The second reason why terms might need to be implied by statute is for the protection of one of the parties. It may be thought that a particular type of contractual relationship is likely to involve inequality of bargaining power, so that, unless protective provisions are implied, the weaker party may be forced into a very disadvantageous bargain. If this is the reason for the implication, then it may well be that the obligation to include the term should be absolute, without any possibility of its being excluded, or amended, in particular contracts.
Examples of both these bases for implying terms by statute can be found in the history of the implied terms as to quality under the Sale of Goods Acts. The original Sale of Goods Act (SGA) 1893 was intended to represent a codification of current commercial law and practice. Thus, the implied terms as to quality, contained in ss 13-15, were those which merchants of the time would have expected to appear in any contract for the sale of goods. This was an example of the first ground for implying terms, that is, business efficiency. In line with this approach, s 55 of the SGA 1893 allowed the parties to agree to different terms as to quality, or to exclude them altogether, if they so wished. By the time of the enactment of the revised version of the SGA in 1979, however, the atmosphere had changed. The provisions as to quality had come to be regarded as important elements in the law of consumer protection. Their role was therefore at least in part to provide protection for the weaker party in a sale of goods contract. As a result, the Unfair Contract Terms Act (UCTA) 1977 made it impossible in situations where the contract is made between a business and consumer for the business to exclude the implied terms. Even as between business parties, the exclusion will be subject to a test of «reasonableness». The terms implied by the Supply of Goods and Services Act 1982 also seem to be based on principles of protection, rather than the avoidance of transaction costs.

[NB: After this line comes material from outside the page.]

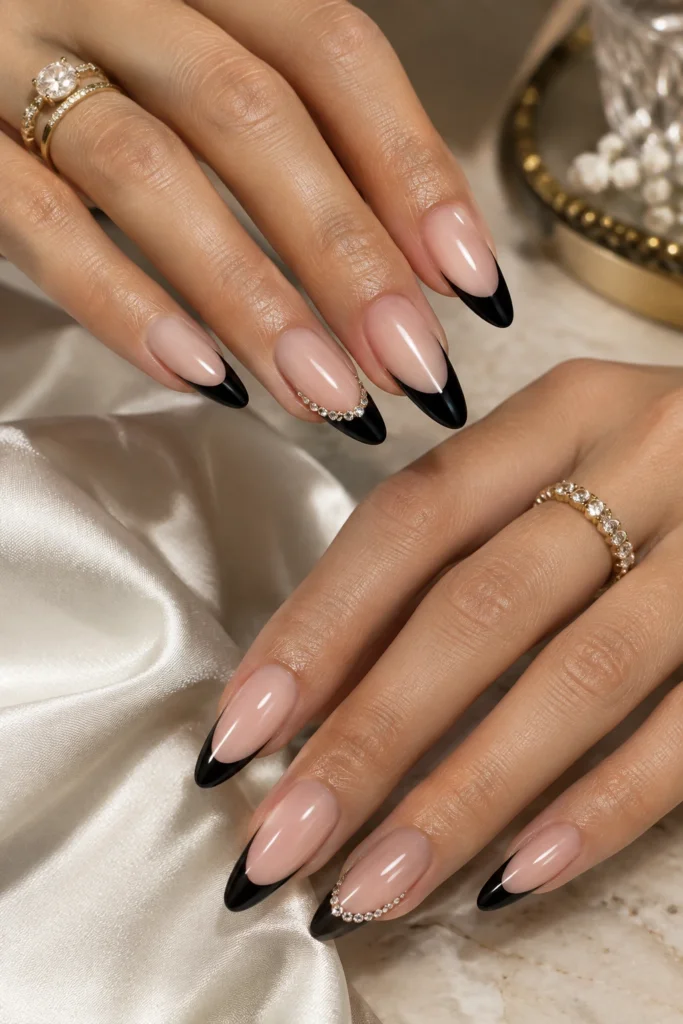 Black French tips decorated with delicate rhinestones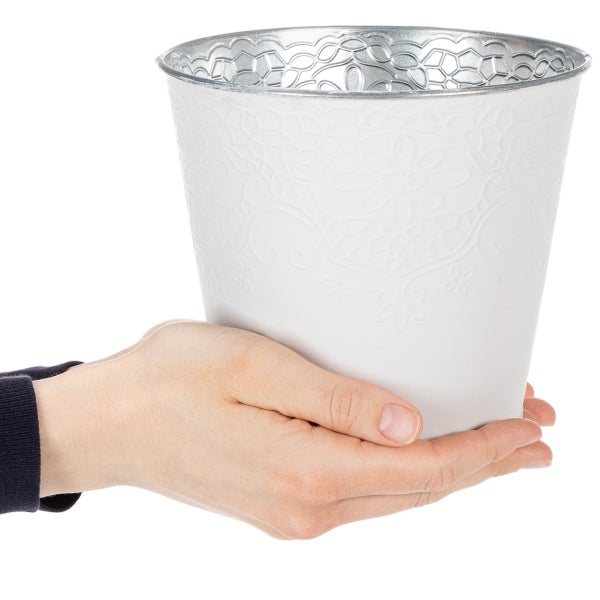 Metall-Übertopf in Weiß mit floraler Prägung, zur Größendarstellung in einer Hand gehalten.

A further example of a term implied on the grounds of protection is to be found in the Equal Pay Act 1970. Section 3 implies into every employment contract an «equality clause» which has the effect of ensuring that as between men and women employed on «like work», there is equal treatment in relation to all terms of their contracts.
The implication of terms on this basis runs counter to the normal philosophy of classical English contract law, which is to make the intentions of the parties paramount. Here the clause is imposed on the parties, whether they like it or not. Even if they expressly agree that it is not to operate, the courts will still give effect to it. This is an area where there is clearly a tension between the «classical» and «modern» law.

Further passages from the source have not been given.